W myśl przygotowanej przez grupę posłów PiS i uchwalonej przez Sejm noweli, która teraz trafi do prezydenta, odległość między zgromadzeniami nie może być mniejsza niż 100 metrów. Czytaj więcej
Z proponowanymi poprawkami nie zgadzają się organizacje społeczne. "Nie ma naszej zgody na arbitralne i nieuzasadnione ograniczenia wolności obywatelskich. Decyzja co do ich ograniczenia musi wypływać z silnych przesłanek bezpieczeństwa państwa i jego obywateli. Dziś nie ma takiego zagrożenia, a proponowana zmiana wydaje się być podyktowana względami politycznymi i wygodą władzy publicznej. Dlatego też stanowczo sprzeciwiamy się instrumentalnemu ograniczaniu naszych praw i wolności na potrzeby władzy politycznej" - czytamy w apelu, który przekazany został prezydentowi Andrzejowi Dudzie.

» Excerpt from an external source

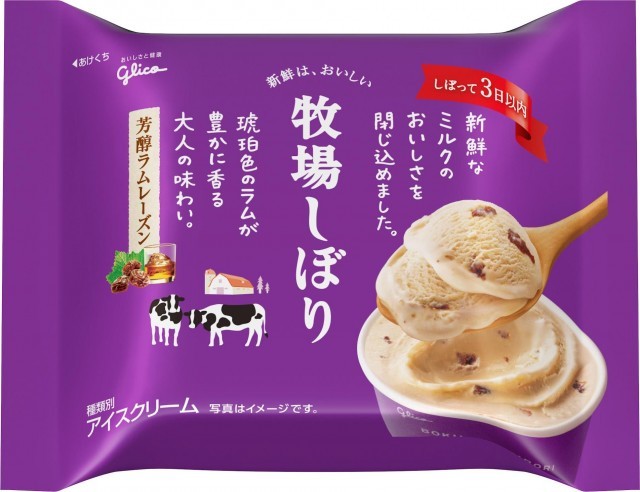 牧場しぼり 芳醇ラムレーズン
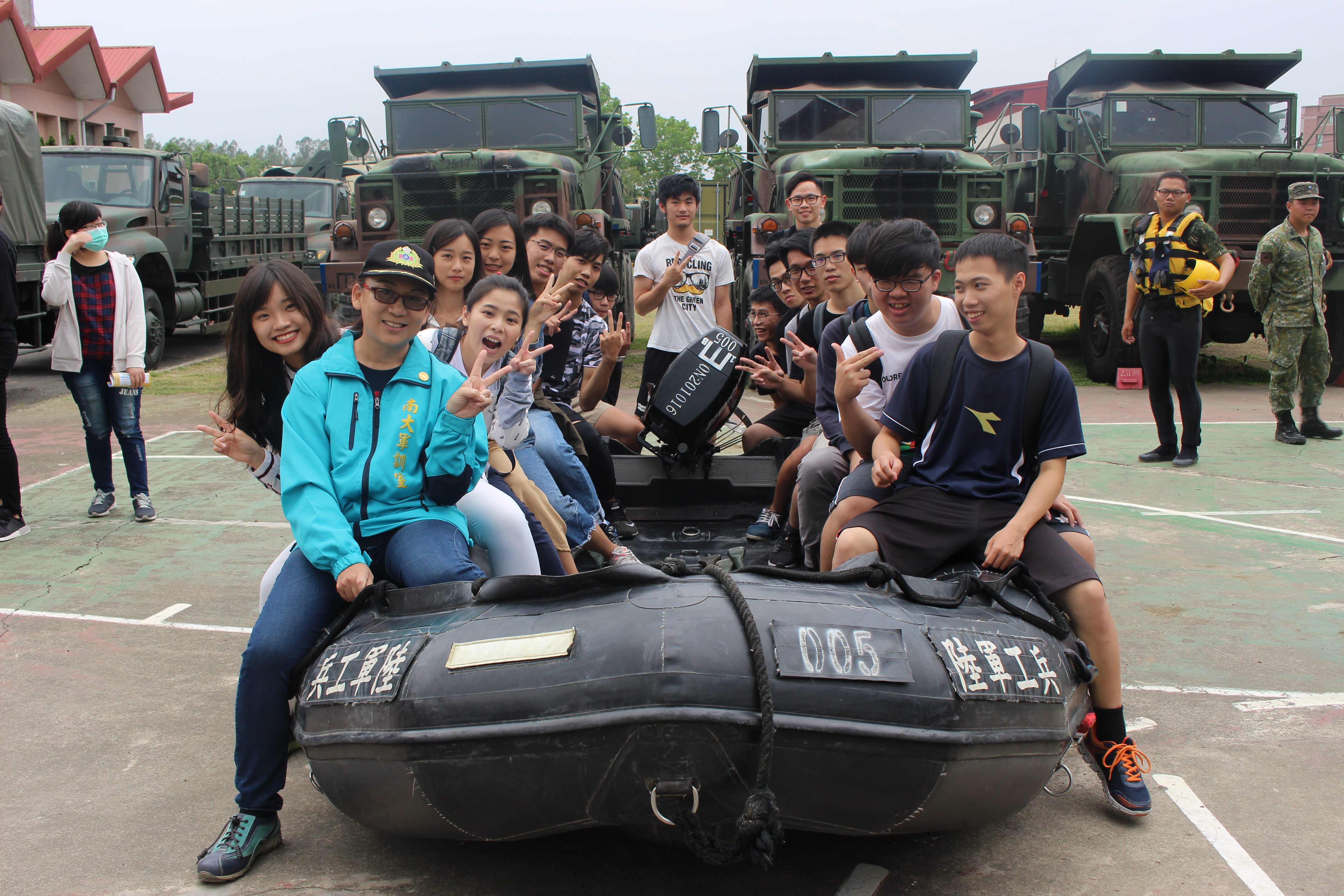 南大舉辦全民國防「陸軍8軍團54工兵群」體驗之旅(2018.4.27)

Apel podpisały 194 organizacje społeczne z całej Polski.
Apel do Prezydenta w sprawie zmiany Prawa o zgromadzeniach
2 grudnia 2016 Sejm RP uchwalił ustawę nowelizującą Prawo o zgromadzeniach. W trakcie prac nad ustawą całkowicie zignorowano głos organizacji obywatelskich odmawiając zorganizowania wysłuchania publicznego w sprawie zmian, które będą miały wpływ na każdego obywatela i mieszkańca Rzeczypospolitej Polskiej.
Ustawa wprowadza pierwszeństwo zgromadzeń cyklicznych, a ich przeprowadzenie będzie uzależnione od zgody wojewody, będącego przedstawicielem Rady Ministrów w terenie. Stanowi to zaprzeczenie obywatelskiego charakteru konstytucyjnej wolności zgromadzeń i może stanowić narzędzie służące do nadużycia władzy przez władzę publiczną.
W świetle Konstytucji i Europejskiej Konwencji Praw Człowieka kluczowym czynnikiem dla oceny legalności zgromadzenia jest jego pokojowy charakter, a nie znaczna częstotliwość czy charakter organizatora (np. organ państwa lub związek wyznaniowy). Obowiązujące obecnie przepisy są w stanie skutecznie zabezpieczyć porządek publiczny oraz bezpieczeństwo samych protestujących. Świadczy o tym m.in. przebieg zgromadzeń, które odbyły się 11 listopada 2016 r. w Warszawie.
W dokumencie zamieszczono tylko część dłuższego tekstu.